Data
※ ※ ※
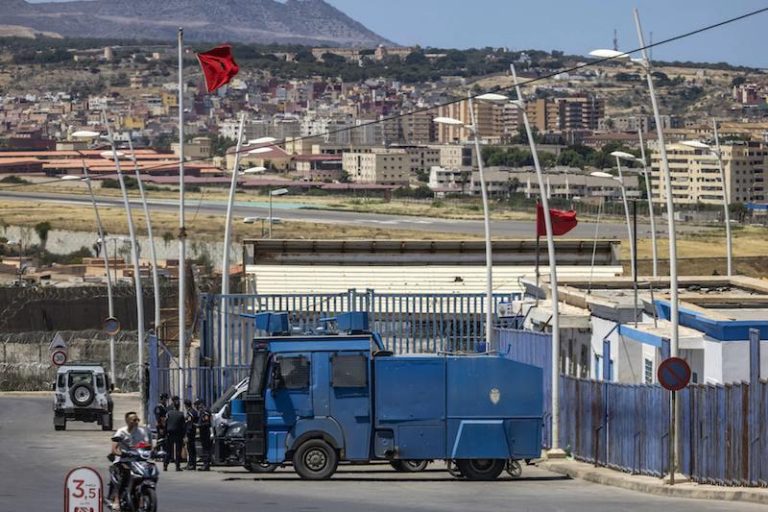 مليلية المحتلة.. إطلاق سراح مشتبه به في قضايا الإرهاب وترحيل آخر إلى مدريد للتحقيق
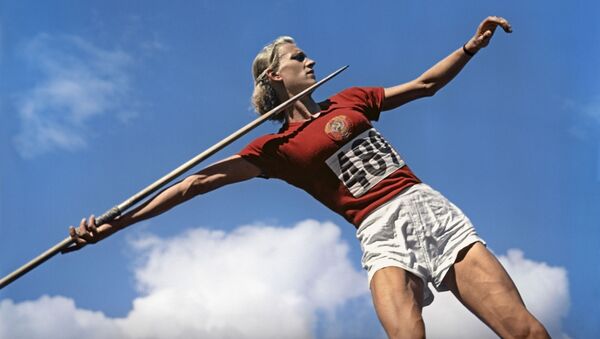 1952年ヘルシンキオリンピック（第15回大会）のやり投げに出場したソ連のアレクサンドラ・チュジナ選手 - Sputnik 日本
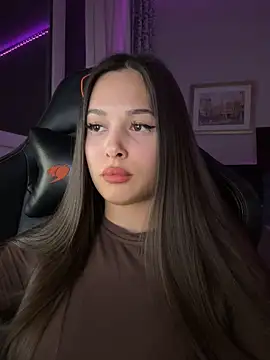 EricaWalls online show from 11/23/25, 10:09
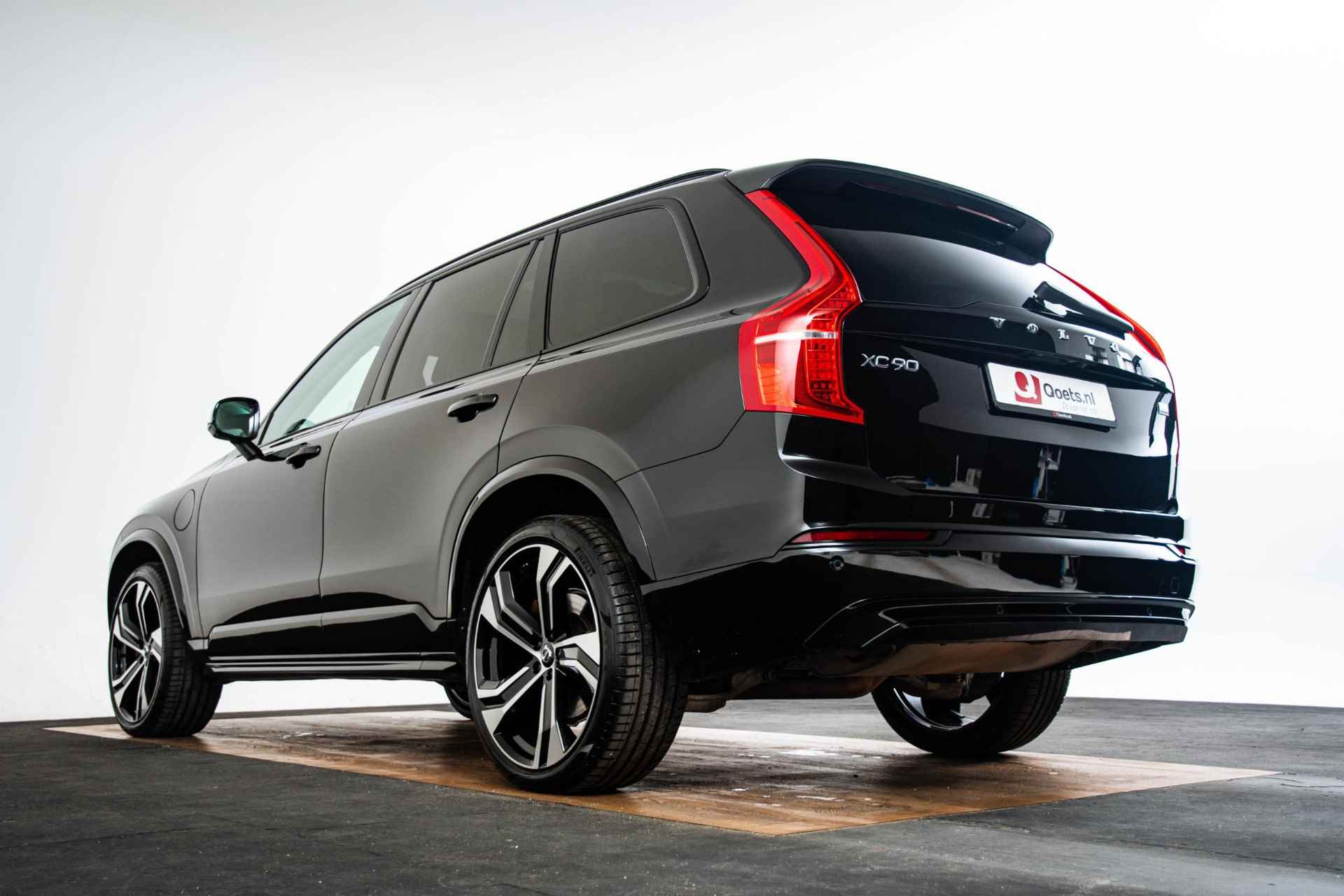 Volvo XC90 2.0 T8 Recharge AWD Ultimate Dark Trekhaak - Panoramadak - Head Up - Bowers & Wilkins - Stoelventilatie/verwarming - Elektrisch verstelbare bestuurdersstoel met memory - Getinte/ Gelamineerde ruiten - - 55/72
※ ※ ※
What the task asks
Would you restate word for word only the lines from the one containing "EricaWalls online show from 11/23/25, 10:09" to the final line of the material, both ends included, without any pictures?

Answer to the exercise
 EricaWalls online show from 11/23/25, 10:09
 Volvo XC90 2.0 T8 Recharge AWD Ultimate Dark Trekhaak - Panoramadak - Head Up - Bowers & Wilkins - Stoelventilatie/verwarming - Elektrisch verstelbare bestuurdersstoel met memory - Getinte/ Gelamineerde ruiten - - 55/72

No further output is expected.